I know I am running the risk of falling into gross simplification. However, I still find it useful to identify three main categories of data visualizations in terms of what their main (intended or unintended) purpose is. This will help me clarify a few ideas later on.

  1. Explanatory. The main goal here is to use graphics as a way to explain some complex idea, phenomenon or process. This is an area where graphical representation shines: we are visual creatures and a picture is sometime really worth a thousand words. Data journalism has provided over the years most of the best contributions to the art of explaining complex things through data (see the amazing work done by the New York Times and Washington Post over the years). But this is also the realm of education, especially scientific education which is often based on numbers and graphs. And this is also the area of that beautiful recent trend called “explorable explanations”, pioneered by Bret Victor and popularized by many other fantastic people like Nicky Case.
  2. Analytical. The main goal here is to extract information out of data with the purpose of answering questions and advancing understanding of some phenomenon of interest. Sure, explanatory visualization is also about helping people understand something. But the main difference here is that in explanatory visualization the author knows already what to visualize (after having performed some analysis), whereas in analysis the main use of visualization is to understand the data in the first place. There are a million names people have used to define this activity. The most recent and fashionable one is Data Science and more specifically that part of Data Science called “Exploratory Data Analysis”, a term invented by the great John Tukey a few decades ago. To make things simple I’ll call this just the good old name: Data Analysis, or maybe, Visual Data Analysis, or even, Interactive Visual Data Analysis to emphasize the use of graphical representations one can interact with (some in academia and business call this Visual Analytics also).

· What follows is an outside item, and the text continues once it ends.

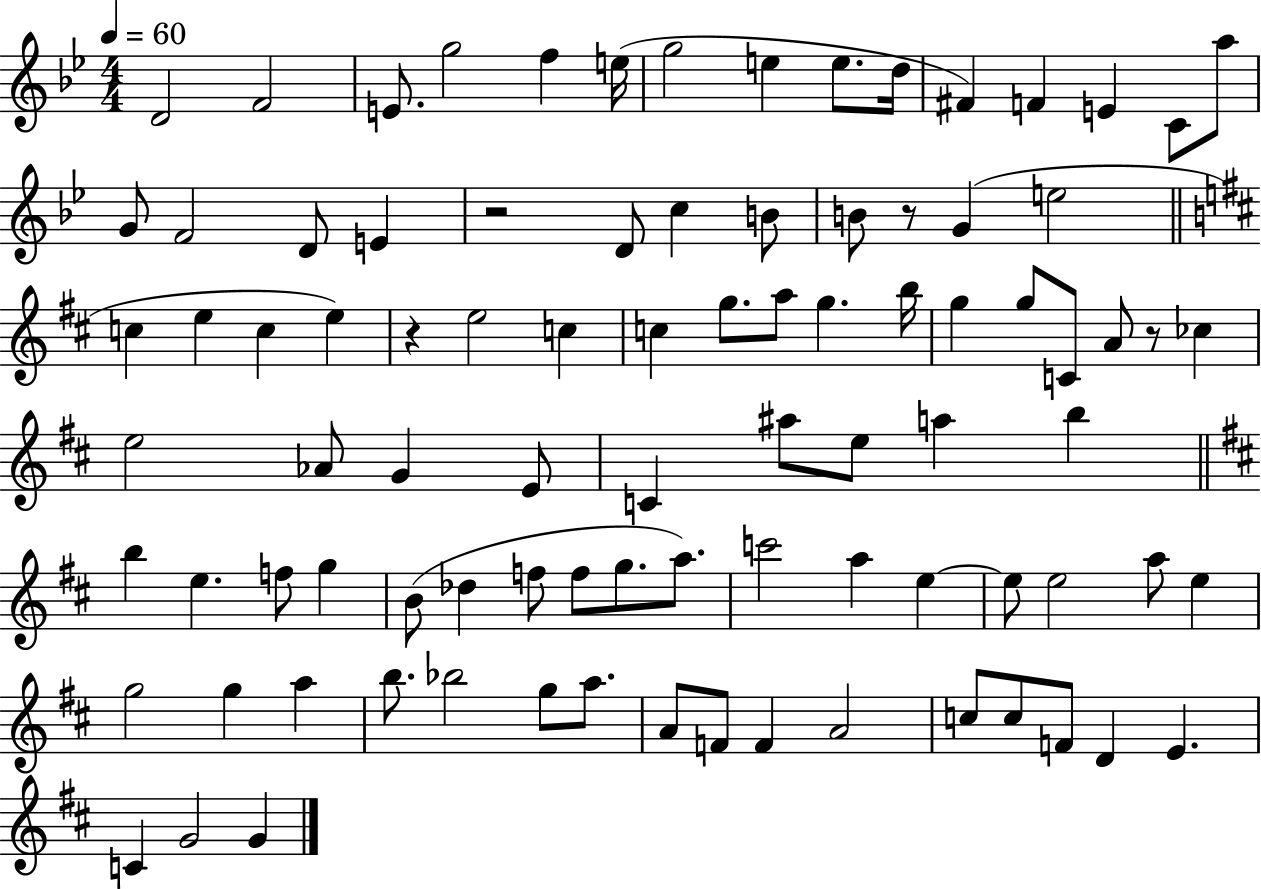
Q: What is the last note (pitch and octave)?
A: G4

Why talk more about data analysis?

This essay, and the talk that preceded it, aims at better defining the role of visualization in data analysis and spurring more conversations about what is happening in this area of visualization which, unfortunately, it’s not blessed with the same limelight of the other purposes.

RevEx. An interactive data exploration tool we developed to help Charles Ornstein from ProPublica sift through millions of reviews from Yelp.

Side note on “understanding”

Did you notice? When we talk about data analysis problems we often describe the goal as “understanding” something. We can then postulate that the main purpose of data analysis is to better understand something through data.

Relationship between reality, data/statistical models, human mental models.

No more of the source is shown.